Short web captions

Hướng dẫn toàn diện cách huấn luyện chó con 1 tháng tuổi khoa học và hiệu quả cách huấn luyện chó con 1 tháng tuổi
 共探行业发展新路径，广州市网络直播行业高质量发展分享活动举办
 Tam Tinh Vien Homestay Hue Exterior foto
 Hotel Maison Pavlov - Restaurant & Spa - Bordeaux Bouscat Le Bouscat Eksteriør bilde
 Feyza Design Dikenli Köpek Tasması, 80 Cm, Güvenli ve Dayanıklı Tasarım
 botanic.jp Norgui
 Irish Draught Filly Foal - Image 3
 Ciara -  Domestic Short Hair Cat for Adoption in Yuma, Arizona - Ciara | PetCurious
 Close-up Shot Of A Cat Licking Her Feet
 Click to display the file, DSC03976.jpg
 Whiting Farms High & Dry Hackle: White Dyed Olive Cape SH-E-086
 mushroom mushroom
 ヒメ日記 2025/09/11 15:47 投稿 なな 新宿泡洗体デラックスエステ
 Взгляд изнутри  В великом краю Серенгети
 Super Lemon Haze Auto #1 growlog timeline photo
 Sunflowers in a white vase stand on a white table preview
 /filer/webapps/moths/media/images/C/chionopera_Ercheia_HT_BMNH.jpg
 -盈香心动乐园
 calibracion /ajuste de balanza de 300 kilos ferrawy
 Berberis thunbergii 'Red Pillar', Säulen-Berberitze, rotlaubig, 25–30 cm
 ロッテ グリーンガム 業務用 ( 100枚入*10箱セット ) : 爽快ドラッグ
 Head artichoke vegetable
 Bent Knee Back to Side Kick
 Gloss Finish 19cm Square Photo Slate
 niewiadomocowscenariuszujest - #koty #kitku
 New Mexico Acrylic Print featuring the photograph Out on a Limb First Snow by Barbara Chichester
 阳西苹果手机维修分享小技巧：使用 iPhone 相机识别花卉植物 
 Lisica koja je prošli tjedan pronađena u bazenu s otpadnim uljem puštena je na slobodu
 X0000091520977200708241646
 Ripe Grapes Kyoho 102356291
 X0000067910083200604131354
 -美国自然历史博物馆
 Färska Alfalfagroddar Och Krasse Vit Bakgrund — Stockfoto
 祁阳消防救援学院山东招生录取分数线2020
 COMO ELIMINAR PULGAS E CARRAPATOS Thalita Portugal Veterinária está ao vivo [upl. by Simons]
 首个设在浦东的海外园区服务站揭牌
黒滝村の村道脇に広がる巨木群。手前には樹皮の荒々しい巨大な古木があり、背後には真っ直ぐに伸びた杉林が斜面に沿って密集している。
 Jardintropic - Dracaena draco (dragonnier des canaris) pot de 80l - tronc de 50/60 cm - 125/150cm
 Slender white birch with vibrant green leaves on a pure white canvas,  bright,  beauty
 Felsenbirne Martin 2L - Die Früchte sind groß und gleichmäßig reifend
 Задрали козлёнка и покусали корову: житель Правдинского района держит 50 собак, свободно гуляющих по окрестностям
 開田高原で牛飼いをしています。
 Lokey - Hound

**What the task requires**: Could you quote, exactly as they appear, the line containing "великом краю Серенгети" and every line after it to the end of the records above?

**Task answer**:
 Взгляд изнутри  В великом краю Серенгети
 Super Lemon Haze Auto #1 growlog timeline photo
 Sunflowers in a white vase stand on a white table preview
 /filer/webapps/moths/media/images/C/chionopera_Ercheia_HT_BMNH.jpg
 -盈香心动乐园
 calibracion /ajuste de balanza de 300 kilos ferrawy
 Berberis thunbergii 'Red Pillar', Säulen-Berberitze, rotlaubig, 25–30 cm
 ロッテ グリーンガム 業務用 ( 100枚入*10箱セット ) : 爽快ドラッグ
 Head artichoke vegetable
 Bent Knee Back to Side Kick
 Gloss Finish 19cm Square Photo Slate
 niewiadomocowscenariuszujest - #koty #kitku
 New Mexico Acrylic Print featuring the photograph Out on a Limb First Snow by Barbara Chichester
 阳西苹果手机维修分享小技巧：使用 iPhone 相机识别花卉植物 
 Lisica koja je prošli tjedan pronađena u bazenu s otpadnim uljem puštena je na slobodu
 X0000091520977200708241646
 Ripe Grapes Kyoho 102356291
 X0000067910083200604131354
 -美国自然历史博物馆
 Färska Alfalfagroddar Och Krasse Vit Bakgrund — Stockfoto
 祁阳消防救援学院山东招生录取分数线2020
 COMO ELIMINAR PULGAS E CARRAPATOS Thalita Portugal Veterinária está ao vivo [upl. by Simons]
 首个设在浦东的海外园区服务站揭牌
黒滝村の村道脇に広がる巨木群。手前には樹皮の荒々しい巨大な古木があり、背後には真っ直ぐに伸びた杉林が斜面に沿って密集している。
 Jardintropic - Dracaena draco (dragonnier des canaris) pot de 80l - tronc de 50/60 cm - 125/150cm
 Slender white birch with vibrant green leaves on a pure white canvas,  bright,  beauty
 Felsenbirne Martin 2L - Die Früchte sind groß und gleichmäßig reifend
 Задрали козлёнка и покусали корову: житель Правдинского района держит 50 собак, свободно гуляющих по окрестностям
 開田高原で牛飼いをしています。
 Lokey - Hound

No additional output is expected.